# Exercise details
All lines below between the line with "EGYPTIAN BIRDS PRINTS: Vintage" and the line with "Tại Nhà Cách", including both, must be copied exactly, and the pictures must be omitted.

# Data under study
• • • • •
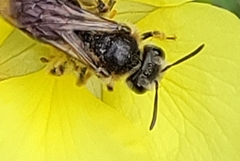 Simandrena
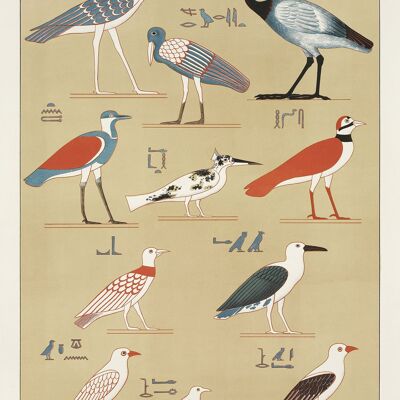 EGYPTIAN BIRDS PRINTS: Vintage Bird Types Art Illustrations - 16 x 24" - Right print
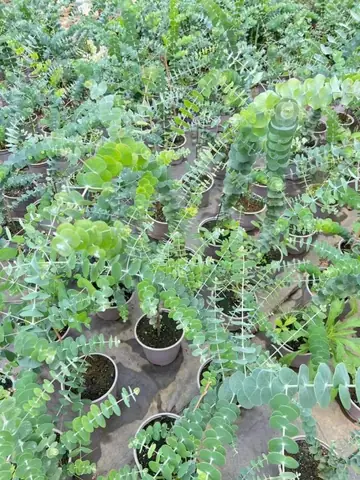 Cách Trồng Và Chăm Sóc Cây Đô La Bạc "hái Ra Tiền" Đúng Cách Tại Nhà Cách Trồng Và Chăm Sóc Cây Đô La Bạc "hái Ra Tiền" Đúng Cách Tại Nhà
• • • • •
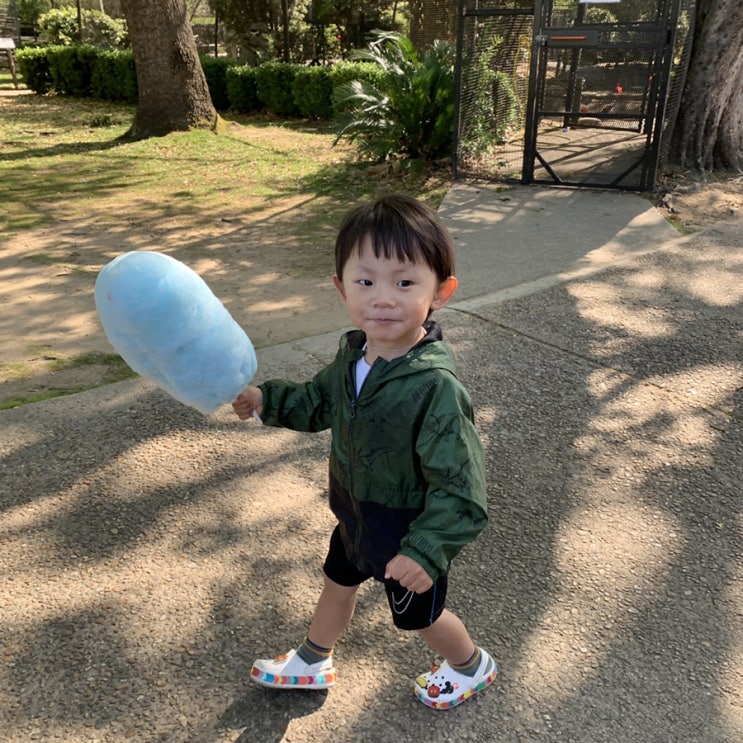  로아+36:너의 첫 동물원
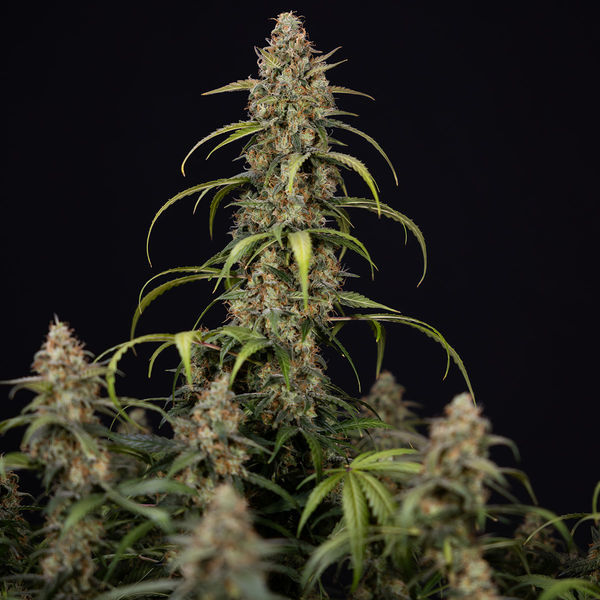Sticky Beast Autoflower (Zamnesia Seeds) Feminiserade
• • • • •
# The completed task
 EGYPTIAN BIRDS PRINTS: Vintage Bird Types Art Illustrations - 16 x 24" - Right print
 Cách Trồng Và Chăm Sóc Cây Đô La Bạc "hái Ra Tiền" Đúng Cách Tại Nhà Cách Trồng Và Chăm Sóc Cây Đô La Bạc "hái Ra Tiền" Đúng Cách Tại Nhà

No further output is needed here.